SÃO PAULO, SP (FOLHAPRESS) – Não é de hoje que Silvio Guindane define seu espaço no cinema brasileiro. Sucesso recente em “Mussum – O Filmis”, vencedor do Kikito de melhor filme no Festival de Gramado de 2023, o ator de 41 anos recebeu a sua primeira estatueta aos 11 por seu papel em “Como Nascem os Anjos”.
Desde que viveu Japa, menino humilde das favelas cariocas, no filme de Murilo Salles, ele nunca abandonou o cinema, onde passou a estar, também, atrás das câmeras. Seguindo sua estreia na direção de um longa-metragem com a cinebiografia sobre o humorista Antônio Carlos Bernardes Gomes (1941-1994), Guindane participa de diversas produções e aguarda uma em especial: a segunda temporada da série documental “Sankofa”, prevista para novembro de 2025.
“O projeto é uma batalha pelo Brasil, de estado em estado, buscando e refletindo sobre pontos de resistência preta. A gente acabou indo para a realidade mesmo, em que nem sempre estávamos preparados”, diz. “O documental é uma caixinha de surpresas.”
Lançada em 2020, a primeira temporada de “Sankofa – A África que te Habita” acompanha o fotógrafo César Fraga e o historiador Maurício Barros de Castro. Os dois percorreram nove países africanos e discutiram a diáspora negra africana e as semelhanças entre a África e o Brasil.

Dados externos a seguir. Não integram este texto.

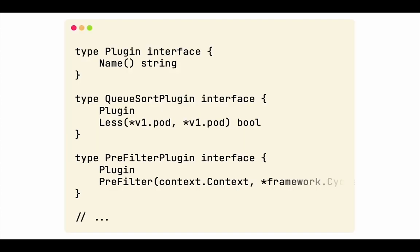So what does the code look like for writing a plugin for the scheduler? Here's an example. Look at the QSort plugin. It takes two pods and tells if one should be prioritized over the other. If this is also not enough, you could write your own scheduler.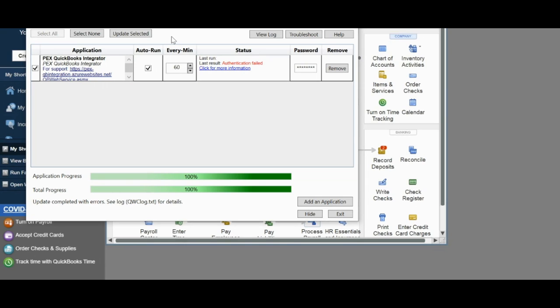You should see the application progress go to 100%, and then you should be able to see all of your transactions pulled into QBD that have been selected based upon the rules set by your configuration. Upon closing the QWC window, it will tell you that scheduled jobs won't be able to run if you close the window. But this is not correct, as all jobs will run automatically on the hour regardless of if the window is open.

Para os novos episódios, Guindane percorre 12 estados brasileiros ao lado da antropóloga e retratista Mariana Maiara, buscando a continuidade dessas conexões em território nacional.
“Nosso ponto de partida engloba lugares que têm a presença de nossas raízes africanas, nossos antepassados e da resistência decolonial, além de personagens como historiadores, pesquisadores e pessoas que buscam manter viva essa consciência”, afirma o artista.
Pensado como “road movie”, Guindane explica que o projeto se mantém aberto ao inesperado. A ideia de viajar junto de Maiara se tornou a essência da produção e as descobertas interferem não só na rota, mas na própria percepção dos realizadores. O diretor cita um ritual de Jurema Sagrada em Recife como uma das mais marcantes.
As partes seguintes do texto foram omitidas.